Pembatasan HP Anak Tak Cukup Hanya di Sekolah
- 31 Jan 2026 16:33 WIB
- Jayapura
RRI.CO.ID, Jayapura – Dinas Pendidikan Papua mengingatkan orang tua agar turut membatasi penggunaan handphone anak di rumah. Penggunaan handphone dinilai berdampak pada menurunnya komunikasi antara orang tua dan anak.
Pelaksana Tugas Kepala Dinas Pendidikan Papua Marthen Medlama mengatakan dampak penggunaan handphone tidak hanya terjadi di lingkungan sekolah.
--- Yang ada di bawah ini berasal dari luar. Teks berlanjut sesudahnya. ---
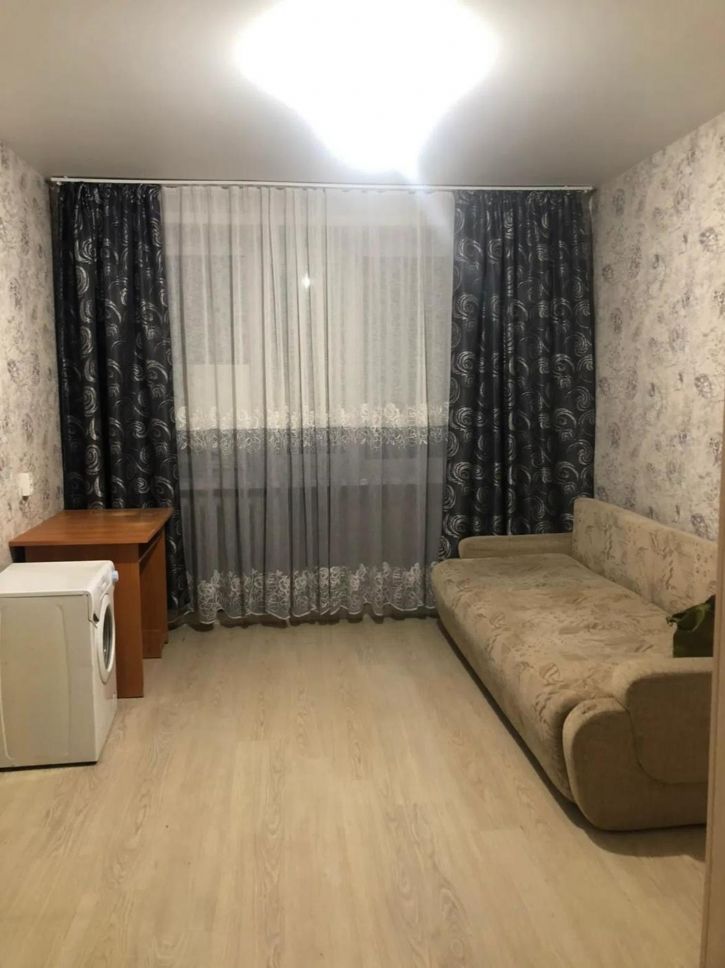 Комната Днепровская улица, 1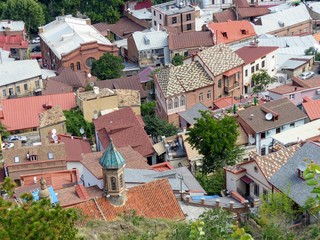 Città di Tbilissi vista dall'alto in Georgia.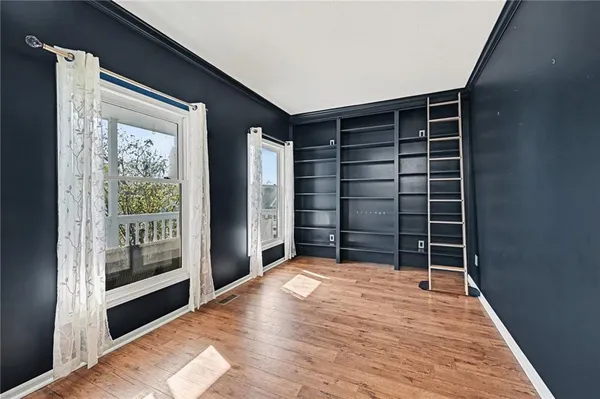 $450,000 | 1012 Northeast Barnes Drive, Lee's Summit, MO 64086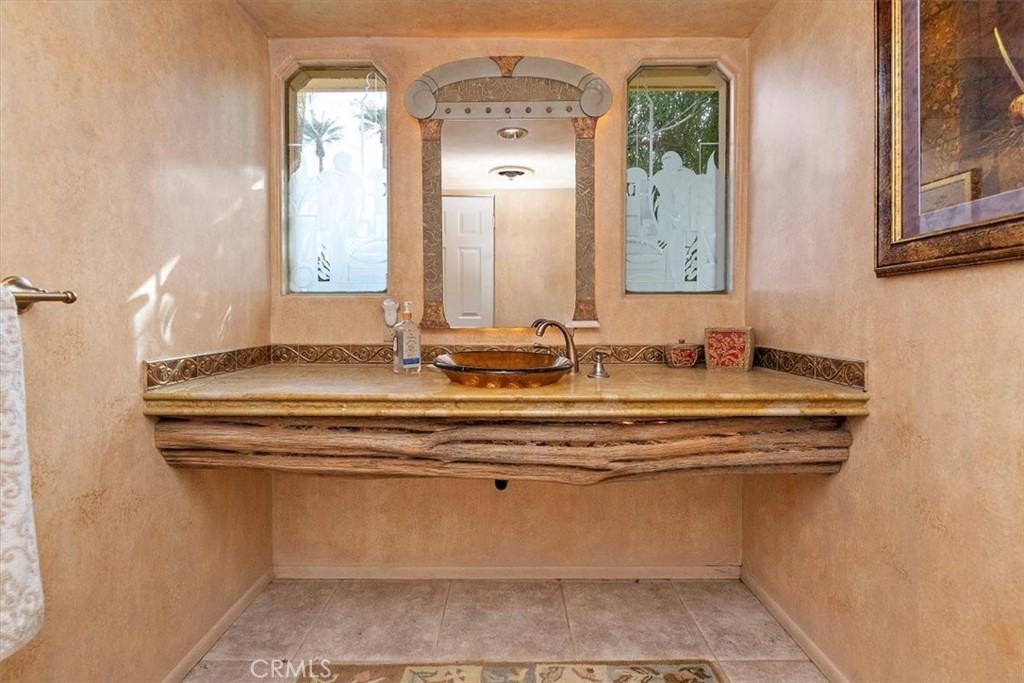 75270 Palm Shadow Dr #75270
Di lingkungan keluarga, interaksi anak dan orang tua juga ikut terpengaruh.
Diketahui, Dinas Pendidikan Papua menerbitkan surat edaran pembatasan penggunaan handphone di sekolah mulai Januari 2026. Kebijakan berlaku untuk jenjang TK/PAUD hingga SMA dan SMK.
“Karena itu, edaran juga menjadi pengingat bagi orang tua di rumah. Orang tua juga harus mengatur waktu penggunaan handphone anak,” kata Marthen, Sabtu, 31 Januari 2026.
Ia menjelaskan pembatasan penggunaan handphone di sekolah bertujuan menjaga fokus belajar siswa. Namun, pengawasan dinilai tidak akan efektif tanpa peran keluarga di rumah.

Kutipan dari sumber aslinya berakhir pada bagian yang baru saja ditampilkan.